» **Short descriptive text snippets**
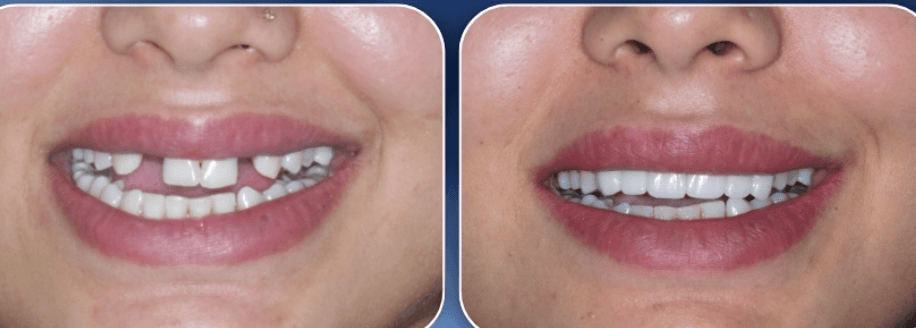 Smile Makeover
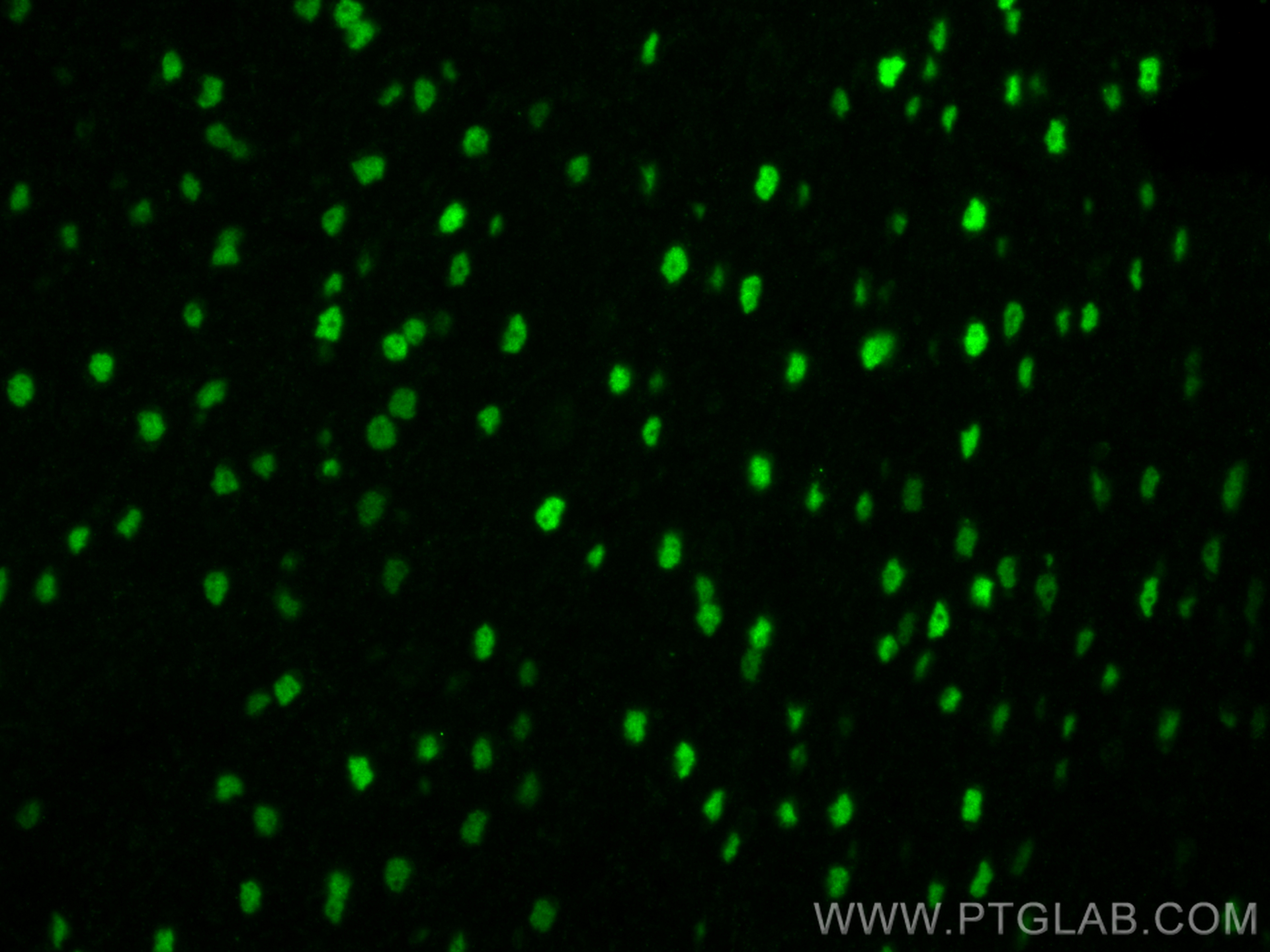 Immunofluorescence (IF) / fluorescent staining of mouse brain tissue using TBR1 Monoclonal antibody (66564-1-Ig)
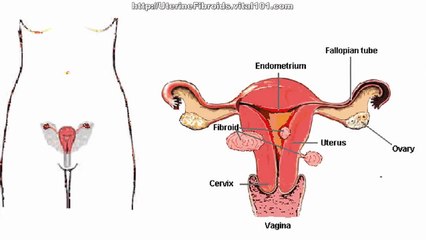 Fibroids During Pregnancy Home Remedies - Natural Treatment For Uterine Fibroids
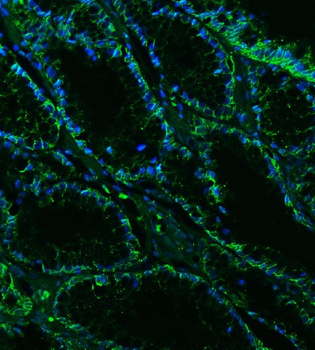 Claudin18/CLDN18 Rabbit Polyclonal Antibody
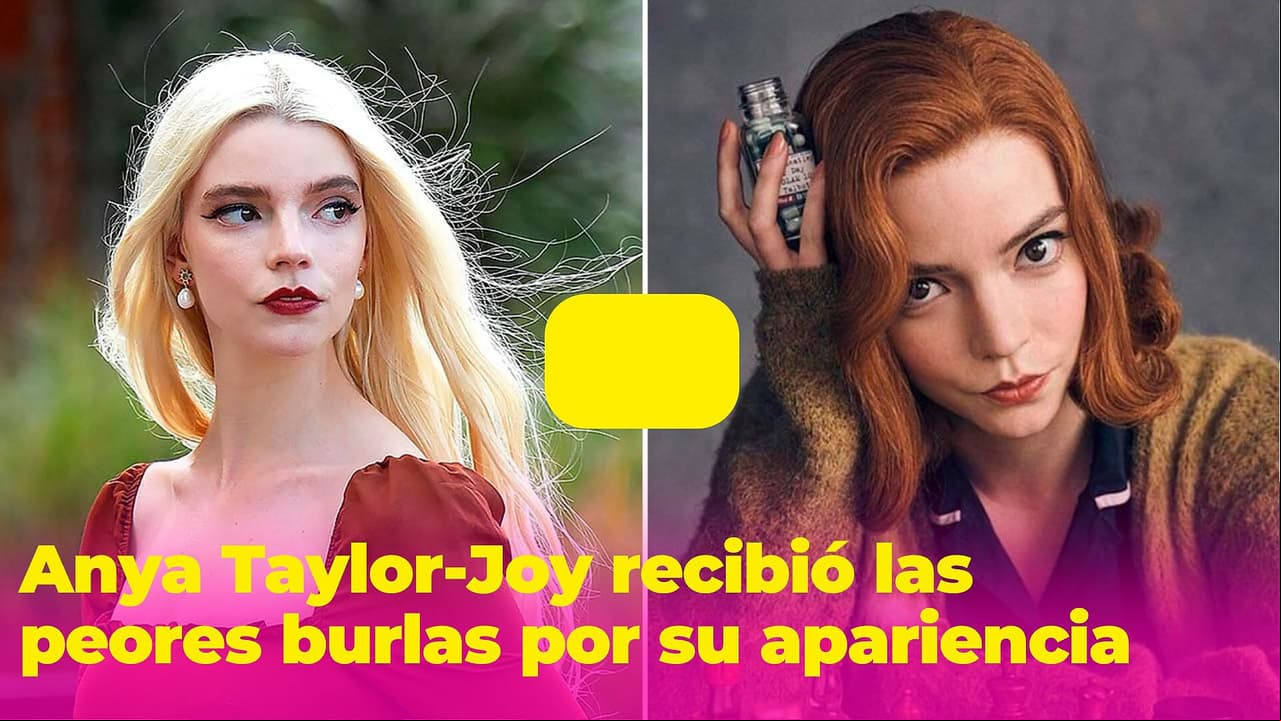 Anya Taylor-Joy soportó las burlas más crueles por su apariencia: no quería ni mirarse al espejo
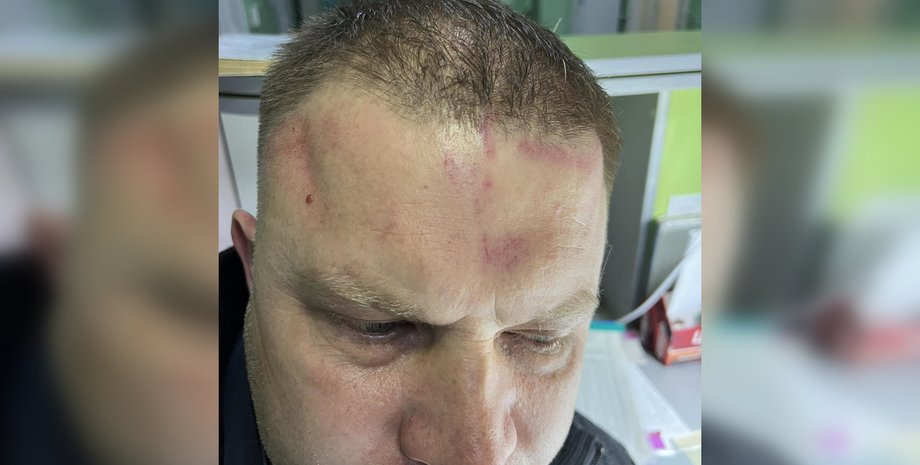 Мэр Белгород-Днестровского Виталий Граждан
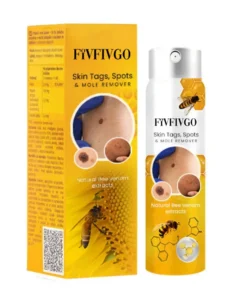 Fivfivgo™ Skin Tags, Spots & Mole Remover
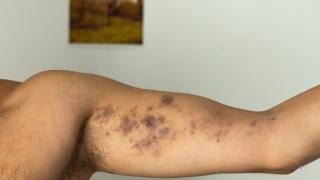 Див екшън в Пловдив: Охранители потрошиха от бой певец, счупиха му зъбите СНИМКИ 18+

» **DIRECTIONS**
Only the lines from the beginning of the records through the line bearing "Claudin18/CLDN18 Rabbit Polyclonal Antibody" belong in the answer, copied word for word with pictures left out.

» **RESPONSE FOR THIS EXERCISE**
 Smile Makeover
 Immunofluorescence (IF) / fluorescent staining of mouse brain tissue using TBR1 Monoclonal antibody (66564-1-Ig)
 Fibroids During Pregnancy Home Remedies - Natural Treatment For Uterine Fibroids
 Claudin18/CLDN18 Rabbit Polyclonal Antibody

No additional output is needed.